In all seinen Büchern sind die Leute unterwegs. Auch Andrei Platonow selbst, der das Dorf verstand, indem er an seiner Entwicklungaktiv teilnahm. In seinem Werk hat er die Tragödie der Sowjetunion genauso vorausgesehen wie drohende ökologische Probleme

Von Helmut Höge

Die Erzählung „Dshan“ von Andrei Platonow handelt von einem kleinen verlorenen Wüstenvolk, das schicksalhaft mit einer Herde verwilderter Schafe verbunden ist. „Die erste sozialistische Tragödie“ hat Platonow sie genannt. Der zu Sowjetzeiten verfemte Autor gilt heute als der größte und vor allem sowjetischste aller sowjetischen Schriftsteller. Auf Deutsch erschienen die meisten seiner Werke erst Ende der achtziger Jahre, viele im Verlag Volk und Welt, als es die DDR schon fast nicht mehr gab. Inzwischen wird zum Beispiel sein surrealistischer Aufbauroman „Die Baugrube“ bereits auf deutschen Bühnen aufgeführt.

In der Anfangszeit der Kollektivierung „vergesellschaftete“ man hier und da im Übereifer sogar das Geflügel. Stalin schrieb Anfang 1930 seinen berühmten Artikel „Vor Erfolgen von Schwindel befallen“. Andrei Platonow begab sich nach Erscheinen dieses Artikels – im Auftrag der Zeitschrift Krasnaja now (Rote Neuigkeit) – sofort in sein Heimatgebiet Woronesch, wo er sich zuvor als Ingenieur an der Melioration und Elektrifizierung beteiligt hatte, um diese von Stalin proklamierte Wende in der Kollektivierungspolitik von unten mitzubekommen. Seine währenddessen entstandene „Armeleutechronik ‚Zu Nutz und Frommen‘“ wurde zwar 1931 gedruckt, aber Stalin schrieb eigenhändig „Schweinehund“ auf die Ausgabe. In all seinen Büchern sind die Leute unterwegs, in der „Chronik“ ist es Platonow selbst, ein „Pilger durchs Kolchosland“ – der das Dorf verstand, wie Viktor Schklowski 1926 fand, indem er aktiv an seiner Entwicklung teilnahm, denn „wertvolle Beobachtungen entspringen nur dem Gefühl emsiger Mitarbeit“. Diese Überzeugung teilte Platonow mit Sergei Tretjakow, der meinte, „der Schriftsteller muss in Arbeitskontakt mit der Wirklichkeit treten“.

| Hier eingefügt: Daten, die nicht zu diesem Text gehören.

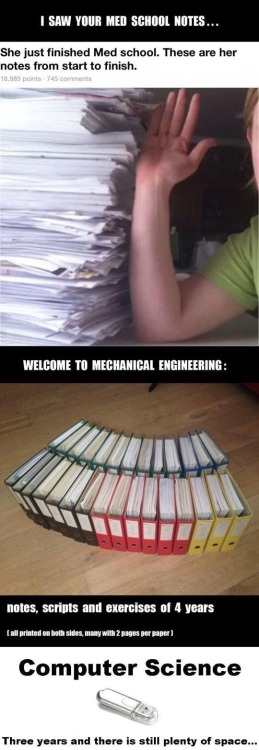 nixcraft:  Lmao. Med school vs mechanical school vs computer science school 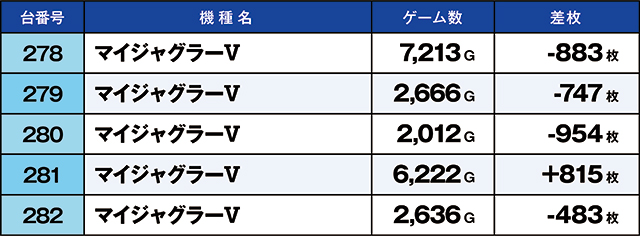https://cdn.p-town.dmm.com/editor/ライティングZERO/kaido_adventure/kekka/2026/04tsuki/0418_hiwada/top.jpg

Zum Verständnis der Werke von Platonow waren die Nachworte der DDR-Platonow-Expertin Lola Debüser hilfreich. Inzwischen gibt es viele Platonow-Fans und -Experten. In konkret erschien kürzlich ein Artikel von Peter Sigloch, in dem es hieß: „Wie die ‚einfachen‘ Leute damals die Umwälzungen durch den Bürgerkrieg und die neue Ideologie wahrnahmen und was dabei in ihrer Seele, wie die Psyche damals noch hieß, passierte – das kann man nirgends genauer erfahren als bei Platonow. In der erlebten Rede ist er ganz bei seinen Figuren, gibt jeder eine eigene Stimme und bewertet nichts.“ Sigloch meint, „hätte Platonow auf Deutsch geschrieben, hätten seine Figuren wahrscheinlich Dialekt gesprochen“.

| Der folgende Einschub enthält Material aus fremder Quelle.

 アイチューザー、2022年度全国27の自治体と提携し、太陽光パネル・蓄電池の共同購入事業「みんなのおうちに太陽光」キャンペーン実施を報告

Von da aus kommt er auf die Übersetzung des Romans „Tschewengur“ von Renate Reschke zu sprechen: „Reschkes Figuren reden wie deutsches Spießertum oder wie sozialistischer Realismus. Die Übersetzerin ‚verbessert‘ dauernd, auch den Erzähler. So lässt sich kaum ahnen, was Platonow erreichen wollte: eine neue sozialistische Sprache.“ Aber Sigloch sagt auch: „Renate Reschke traut sich in ihrer Neuübersetzung manchmal etwas Gewagtes zu, um dann gleich den nächsten Satz zu normieren. Bei Platonow sagt zum Beispiel jemand: ‚Man muss einen Punkt mitten in der Not finden und sofort auf ihn schlagen.‘ Reschke macht daraus: ‚Man muss einen Ansatzpunkt inmitten der Not finden und dort einen Vorstoß machen‘.“

Ich fand „Tschewengur“ trotzdem ganz schön sursozialistisch, einige seiner Fans fühlten sich an Beckett erinnert. In der Erzählung „Dshan“ (1935) hat der sowjetischste Schriftsteller Andrei Platonow aus dem Schafhirten Tschagatajew, der in Moskau eine Ausbildung als Ökonom absolvierte, einen umsichtigen Hirten seines kleinen Volkes der Dshan gemacht, das sich aus Angehörigen „unterschiedlicher Nationalitäten“ zusammensetzt: „Flüchtlinge, Waisen und entkräftete Sklaven“, die in der usbekischen Wüste ins Elend geraten sind. Er soll sie dort herausführen (Ansatzpunkte inmitten der Not finden). Zunächst fordert er sie auf, durchzuhalten und sich in Bewegung zu setzen. Dabei stoßen sie auf eine herrenlose kleine Schafherde, die sie einfangen …“

Für mich sind die Schafe Dreh- und Angelpunkt der „Dshan“-Erzählung. Für den Russisten Michael Leetz ist es darüber hinaus auch Stalin, wie er im Nachwort zu seiner Neuübersetzung der Erzählung „Dshan oder die erste sozialistische Tragödie. Prosa – Essays – Briefe“ erklärt. Ihr liegt die unzensierte Originalfassung zugrunde, die erst 1999 in Russland veröffentlicht wurde. Die Neuübersetzung von Michael Leetz erscheint im Quintus-Verlag, der sie am Sonnabend im Roten Salon der Volksbühne vorstellt. Zu Rosa Luxemburg fällt mir noch ein, dass im Roman „Tschewengur“ ein Pferd so hieß.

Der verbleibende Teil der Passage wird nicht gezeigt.